- [Records provided]
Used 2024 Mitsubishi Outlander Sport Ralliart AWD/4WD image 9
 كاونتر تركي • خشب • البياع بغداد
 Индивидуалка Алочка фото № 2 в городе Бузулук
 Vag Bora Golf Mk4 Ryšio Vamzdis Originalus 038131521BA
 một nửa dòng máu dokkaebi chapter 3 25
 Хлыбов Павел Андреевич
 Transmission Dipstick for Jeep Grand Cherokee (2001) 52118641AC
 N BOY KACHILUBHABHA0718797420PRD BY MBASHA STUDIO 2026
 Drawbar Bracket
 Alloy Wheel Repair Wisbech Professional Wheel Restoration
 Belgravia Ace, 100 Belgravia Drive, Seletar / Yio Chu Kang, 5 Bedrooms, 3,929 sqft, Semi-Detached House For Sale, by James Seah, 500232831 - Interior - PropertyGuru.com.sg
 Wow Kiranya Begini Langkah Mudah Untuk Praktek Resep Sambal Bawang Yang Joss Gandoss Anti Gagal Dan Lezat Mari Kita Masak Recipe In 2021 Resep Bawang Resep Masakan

- [Assigned task] Reproduce only the lines above spanning from the line containing "một nửa dòng máu dokkaebi chapter 3 25" through the line containing "Belgravia Ace, 100", word for word.

- [Output of the task]
 một nửa dòng máu dokkaebi chapter 3 25
 Хлыбов Павел Андреевич
 Transmission Dipstick for Jeep Grand Cherokee (2001) 52118641AC
 N BOY KACHILUBHABHA0718797420PRD BY MBASHA STUDIO 2026
 Drawbar Bracket
 Alloy Wheel Repair Wisbech Professional Wheel Restoration
 Belgravia Ace, 100 Belgravia Drive, Seletar / Yio Chu Kang, 5 Bedrooms, 3,929 sqft, Semi-Detached House For Sale, by James Seah, 500232831 - Interior - PropertyGuru.com.sg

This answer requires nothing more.